Veio a público uma nova etapa da pesquisa do sociólogo Ricardo Costa de Oliveira, professor da Universidade Federal do Paraná (UFPR), que identifica os destinatários das primeiras dedicatórias poéticas de Machado de Assis. O estudo tem como foco a Quinta do Livramento, também conhecida como Morro do Livramento, onde o escritor viveu sua infância, no centro do Rio de Janeiro.

A pesquisa faz parte de um conjunto de investigações conduzidas pelo Núcleo de Estudos Paranaenses (NEP) da UFPR, coordenado por Oliveira. Com base em metodologias genealógicas e prosopográficas, o levantamento busca compreender o ambiente social e familiar que influenciou a formação intelectual e literária de Machado, destacando conexões com grupos escravizados, agregados e senhoriais.
Relações sociais no Morro do Livramento influenciaram formação do autor
Segundo os estudos, Machado de Assis nasceu em 1839 em um contexto marcado por grandes contrastes sociais, sendo filho de um pintor de paredes descendente de negros alforriados e de uma imigrante açoriana. O menino Machado cresceu num ambiente de fronteira social, convivendo com a elite e com famílias pobres agregadas aos grandes proprietários.

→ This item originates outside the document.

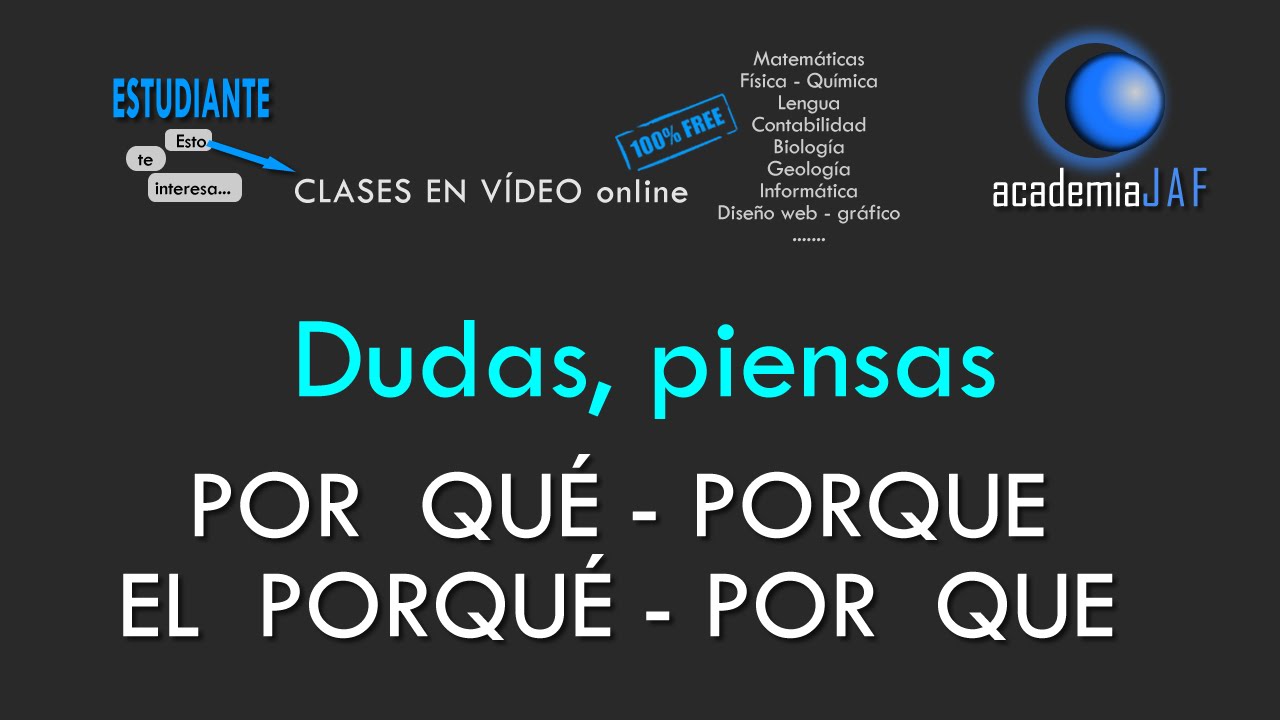 ¿Cuándo se usa el por qué sin tilde?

Essas relações teriam proporcionado padrinhos influentes e acesso precoce à alfabetização, permitindo sua inserção em círculos letrados. O levantamento revela que as primeiras dedicatórias de Machado de Assis, publicadas no jornal Marmota Fluminense entre 1854 e 1855, homenageavam figuras ligadas a esse universo local, até então não identificadas pela historiografia literária.
Genealogia como ferramenta de interpretação literária
Utilizando fontes como a Hemeroteca Digital da Biblioteca Nacional e registros da Family Search, Oliveira identificou dezenas de nomes relacionados à trajetória de Machado de Assis, cujas conexões ampliam a compreensão de sua obra. Os dados compõem capítulos da obra Família, Política e Etnicidade (Editora Liber Ars), escrita em coautoria com a pesquisadora Mônica Goulart, além de artigos acadêmicos complementares.
Em entrevista, o pesquisador defende que a posição social intermediária de Machado permitiu-lhe desenvolver uma literatura que desnaturalizava as relações sociais. Para ele, a Quinta do Livramento era um microcosmo das contradições brasileiras do século XIX.
“Essa especificidade de ser um filho de agregados, alguém na fronteira social entre dois mundos, faria emergir um pensamento crítico a partir das relações sociais do Livramento”, afirma Oliveira.
Machado de Assis e as críticas sociais na literatura
O professor Luis Goncales Bueno de Camargo, do Departamento de Literatura da UFPR, corrobora a análise sociológica. Segundo ele, mesmo na fase romântica, a literatura machadiana já expunha tensões sociais.
Nas obras como Helena (1876) e Iaiá Garcia (1878), o autor retrata mulheres pobres inseridas em contextos de desigualdade, antecipando os elementos de crítica social que seriam consolidados na fase realista, com destaque para Memórias Póstumas de Brás Cubas (1881) e Dom Casmurro (1899).
“Machado não foi romântico nem realista no sentido estrito. Ele sempre tensionou as formas e os estilos literários vigentes, abordando temas como classe, escravidão e mobilidade social com profundidade singular”, observa Camargo.
Obra poética inicial revela amadurecimento do pensamento crítico
A pesquisa de Oliveira também revela aspectos do início da produção poética de Machado, que mais tarde o autor reuniria em livro. Esses poemas, ainda em fase amadora, já indicam a preocupação do escritor com os afetos e hierarquias sociais, o que aponta para uma consciência literária precoce sobre as estruturas sociais do Brasil oitocentista.
Apesar de a crítica tradicional ter relegado a poesia machadiana a um papel secundário, estudiosos contemporâneos reconhecem a importância desse acervo inicial para a formação do pensamento estético do autor.
Machado de Assis permanece como objeto de estudo transdisciplinar
Mesmo 186 anos após o nascimento de Machado de Assis, sua obra continua a gerar novas interpretações. A pesquisa conduzida por Ricardo Costa de Oliveira reforça a importância do estudo genealógico para a análise literária, ao iluminar a teia de relações que compôs o universo social do autor.
Toda a produção de Machado de Assis encontra-se em domínio público desde 2008, por meio de plataforma digital organizada pelo Ministério da Educação. A nova biografia em produção por Cláudio Soares, com base nas descobertas de Oliveira, promete ampliar ainda mais o conhecimento sobre o autor.